** Opening EXTRACTED RECORDS block **

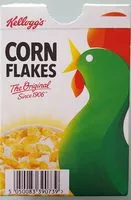 Mängden socker i Corn Flakes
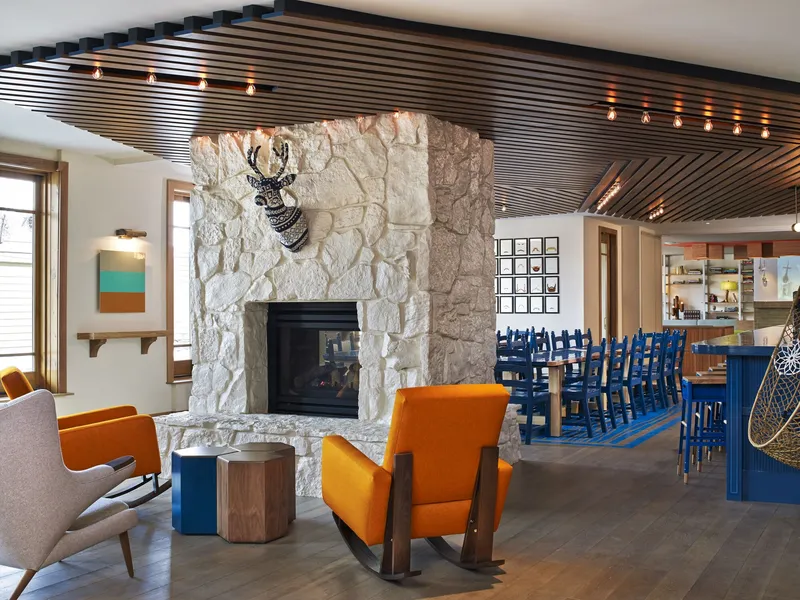 Wildwood Snowmass hotel detail image 2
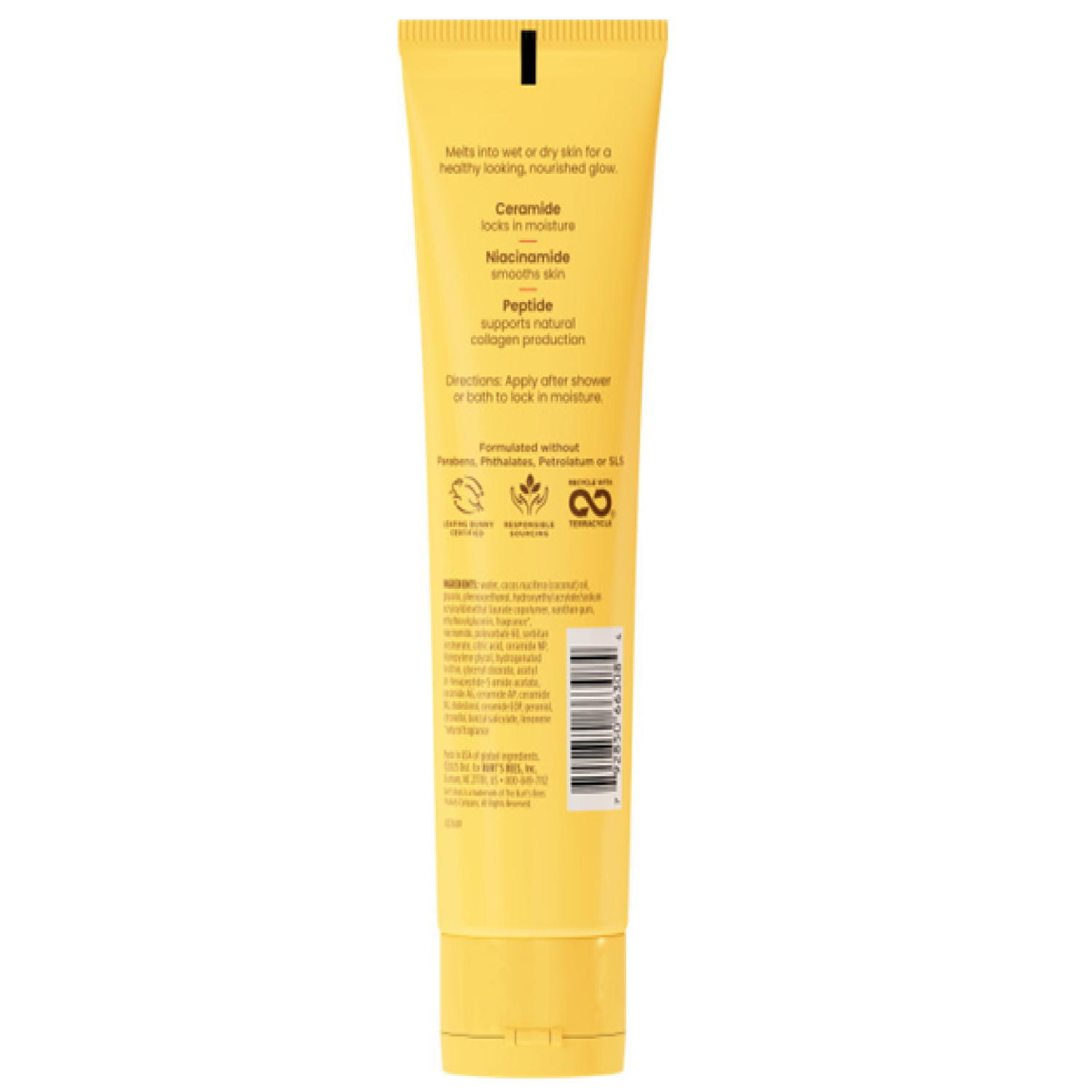 slide 2 of 8, Burt's Bees Boosted Body Moisturizing Melt, 4oz, 4 oz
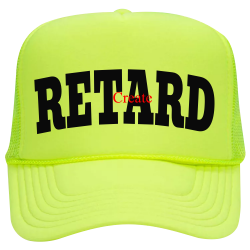 Create RETARD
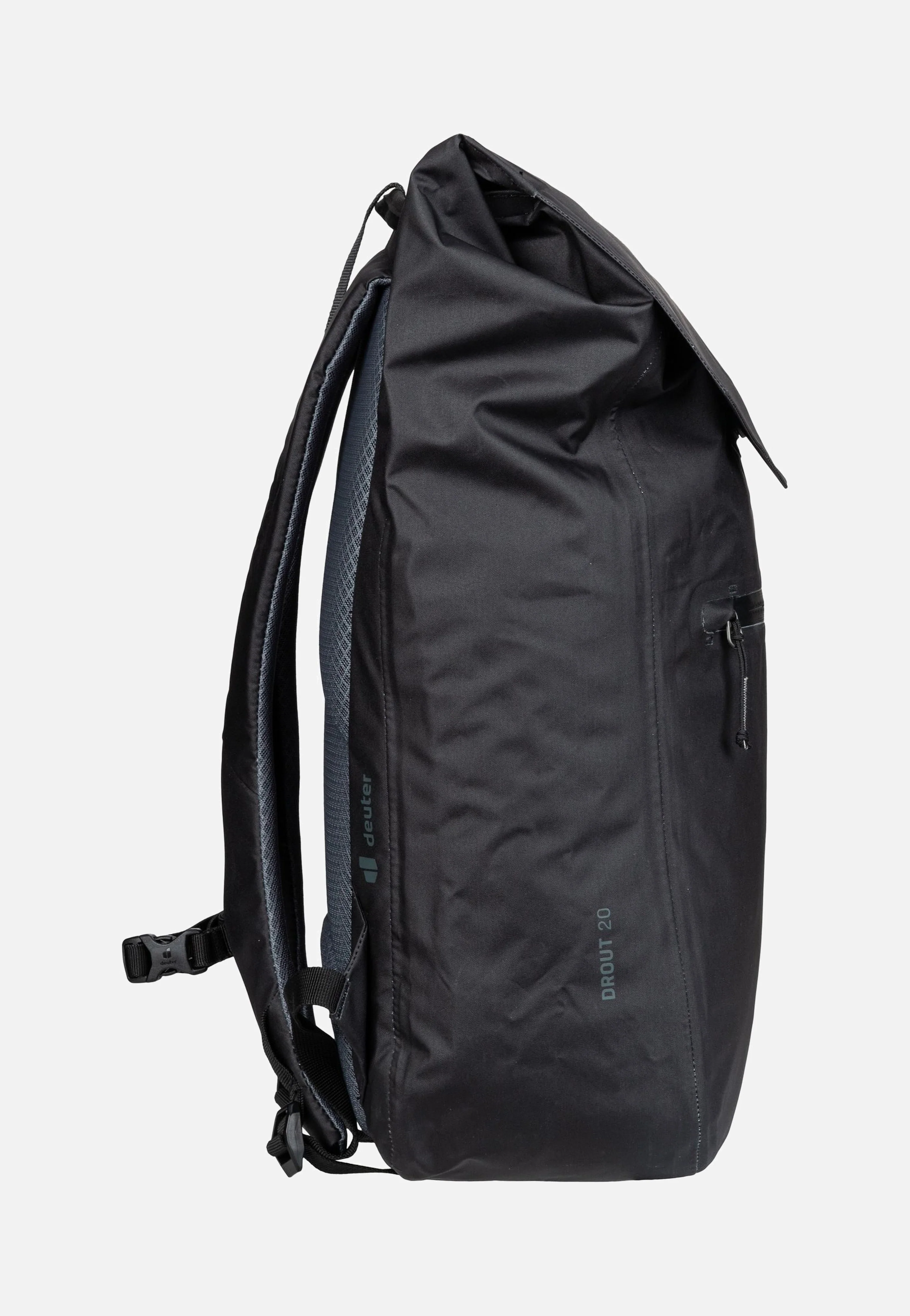 Drout 20 Black - Rucksack - Image 4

** Closing EXTRACTED RECORDS block **

(TASK REQUIREMENTS):
Omit the pictures and print the listing exactly.

(RESPONSE AREA):
 Mängden socker i Corn Flakes
 Wildwood Snowmass hotel detail image 2
 slide 2 of 8, Burt's Bees Boosted Body Moisturizing Melt, 4oz, 4 oz
 Create RETARD
 Drout 20 Black - Rucksack - Image 4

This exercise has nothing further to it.